§ **Material to process**

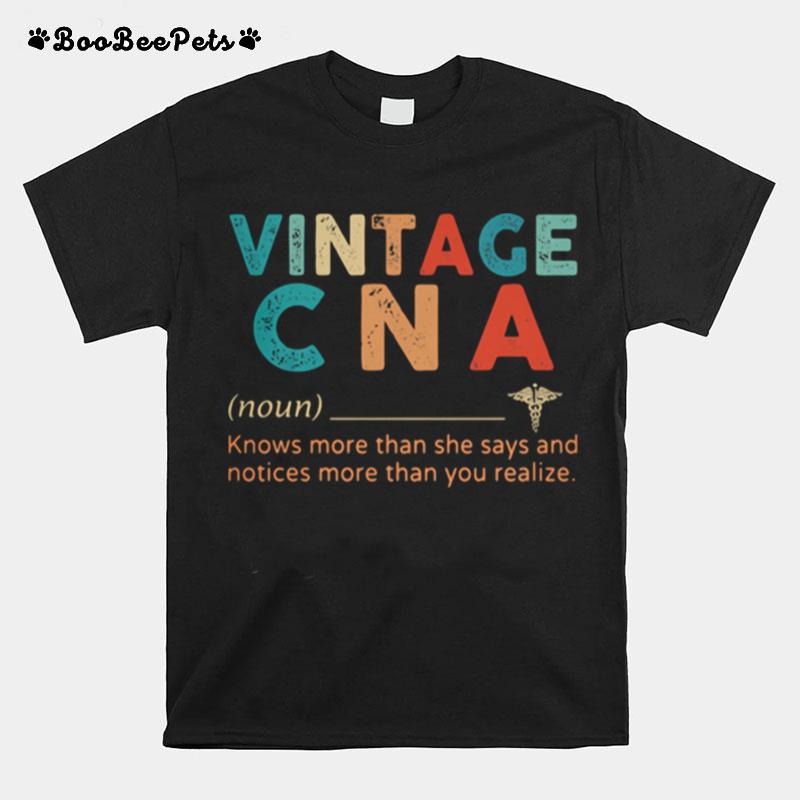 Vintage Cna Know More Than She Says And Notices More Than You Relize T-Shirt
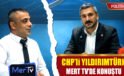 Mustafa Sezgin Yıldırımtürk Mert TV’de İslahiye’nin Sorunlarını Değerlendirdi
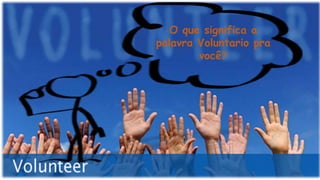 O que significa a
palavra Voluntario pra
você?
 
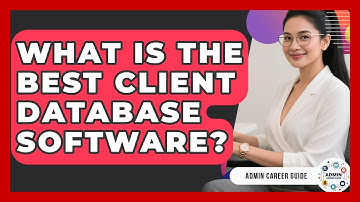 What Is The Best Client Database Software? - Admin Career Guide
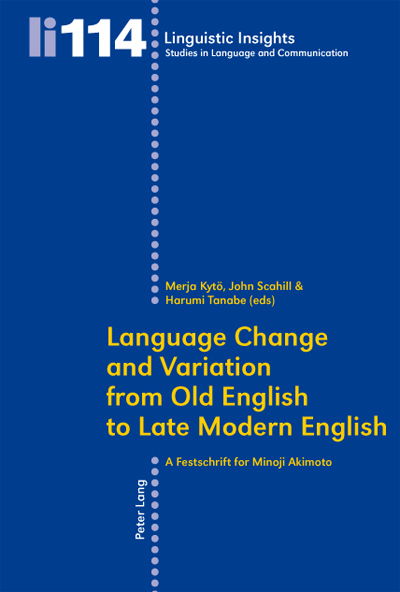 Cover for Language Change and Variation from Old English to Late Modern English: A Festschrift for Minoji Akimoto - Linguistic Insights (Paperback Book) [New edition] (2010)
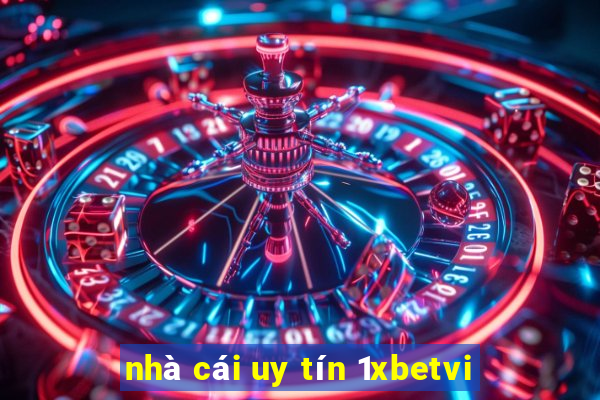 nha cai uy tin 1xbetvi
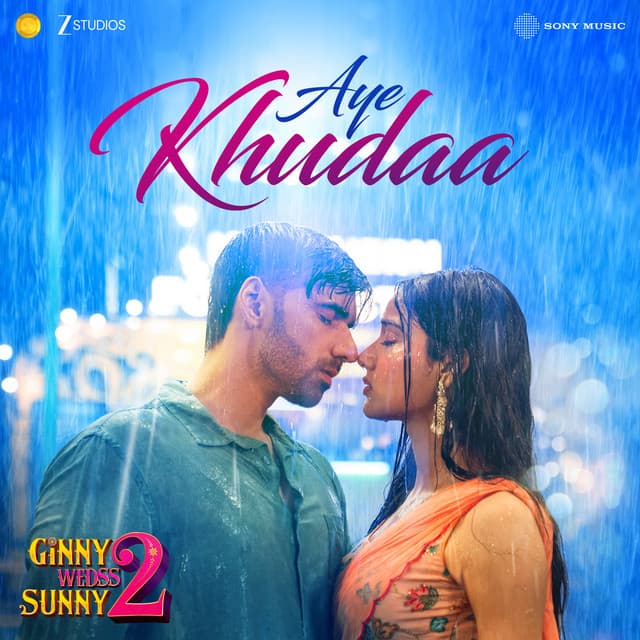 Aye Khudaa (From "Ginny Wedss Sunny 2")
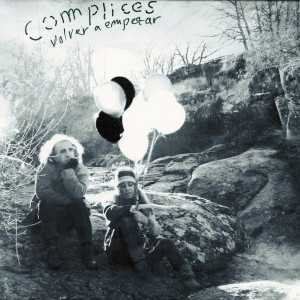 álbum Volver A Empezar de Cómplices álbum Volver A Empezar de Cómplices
* * *
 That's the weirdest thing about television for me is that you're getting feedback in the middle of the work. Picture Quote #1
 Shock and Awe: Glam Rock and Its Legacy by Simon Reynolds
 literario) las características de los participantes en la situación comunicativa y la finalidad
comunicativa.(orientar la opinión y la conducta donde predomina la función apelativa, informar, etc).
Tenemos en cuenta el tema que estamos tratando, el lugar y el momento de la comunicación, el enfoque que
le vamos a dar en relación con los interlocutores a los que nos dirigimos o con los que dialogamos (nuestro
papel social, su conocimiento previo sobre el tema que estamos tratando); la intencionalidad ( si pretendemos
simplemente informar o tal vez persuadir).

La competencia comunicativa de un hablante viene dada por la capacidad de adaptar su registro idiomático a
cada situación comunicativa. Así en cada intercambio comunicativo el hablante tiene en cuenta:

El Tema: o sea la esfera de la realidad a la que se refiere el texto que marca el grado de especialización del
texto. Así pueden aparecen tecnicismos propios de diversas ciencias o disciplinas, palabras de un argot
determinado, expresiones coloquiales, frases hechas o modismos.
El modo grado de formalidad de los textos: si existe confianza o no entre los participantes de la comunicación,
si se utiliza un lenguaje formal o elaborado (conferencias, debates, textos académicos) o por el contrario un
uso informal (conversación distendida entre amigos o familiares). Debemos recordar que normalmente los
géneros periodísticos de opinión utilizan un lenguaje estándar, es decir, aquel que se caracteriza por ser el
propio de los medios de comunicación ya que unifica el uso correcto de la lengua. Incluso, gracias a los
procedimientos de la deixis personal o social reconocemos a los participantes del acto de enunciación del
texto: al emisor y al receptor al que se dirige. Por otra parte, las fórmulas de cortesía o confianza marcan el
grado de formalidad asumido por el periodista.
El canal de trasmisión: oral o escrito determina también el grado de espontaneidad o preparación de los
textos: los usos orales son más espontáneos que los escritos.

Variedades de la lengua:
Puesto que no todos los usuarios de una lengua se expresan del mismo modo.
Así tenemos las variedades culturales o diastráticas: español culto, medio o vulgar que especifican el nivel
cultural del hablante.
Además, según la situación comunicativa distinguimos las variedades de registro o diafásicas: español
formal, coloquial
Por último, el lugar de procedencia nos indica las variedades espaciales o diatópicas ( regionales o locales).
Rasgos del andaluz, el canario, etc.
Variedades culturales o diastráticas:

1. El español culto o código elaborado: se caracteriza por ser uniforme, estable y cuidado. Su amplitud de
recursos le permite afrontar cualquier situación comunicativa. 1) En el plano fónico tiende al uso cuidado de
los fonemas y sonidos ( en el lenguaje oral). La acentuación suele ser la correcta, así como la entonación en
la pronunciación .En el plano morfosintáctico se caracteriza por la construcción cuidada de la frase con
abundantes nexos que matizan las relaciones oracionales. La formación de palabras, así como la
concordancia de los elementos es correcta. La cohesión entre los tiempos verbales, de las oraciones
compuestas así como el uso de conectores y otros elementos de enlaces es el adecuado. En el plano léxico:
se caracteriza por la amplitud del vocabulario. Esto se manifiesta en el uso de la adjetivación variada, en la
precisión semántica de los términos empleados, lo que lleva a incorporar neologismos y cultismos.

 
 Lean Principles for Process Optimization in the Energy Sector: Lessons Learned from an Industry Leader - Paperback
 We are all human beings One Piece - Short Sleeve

§ **What to work on**
Beginning at the line above that contains "What Is The", repeat each line exactly through the one that contains "álbum Volver A Empezar de Cómplices álbum", and leave out the pictures.

§ **Task solution**
 What Is The Best Client Database Software? - Admin Career Guide
 Cover for Language Change and Variation from Old English to Late Modern English: A Festschrift for Minoji Akimoto - Linguistic Insights (Paperback Book) [New edition] (2010)
 nha cai uy tin 1xbetvi
 Aye Khudaa (From "Ginny Wedss Sunny 2")
 álbum Volver A Empezar de Cómplices álbum Volver A Empezar de Cómplices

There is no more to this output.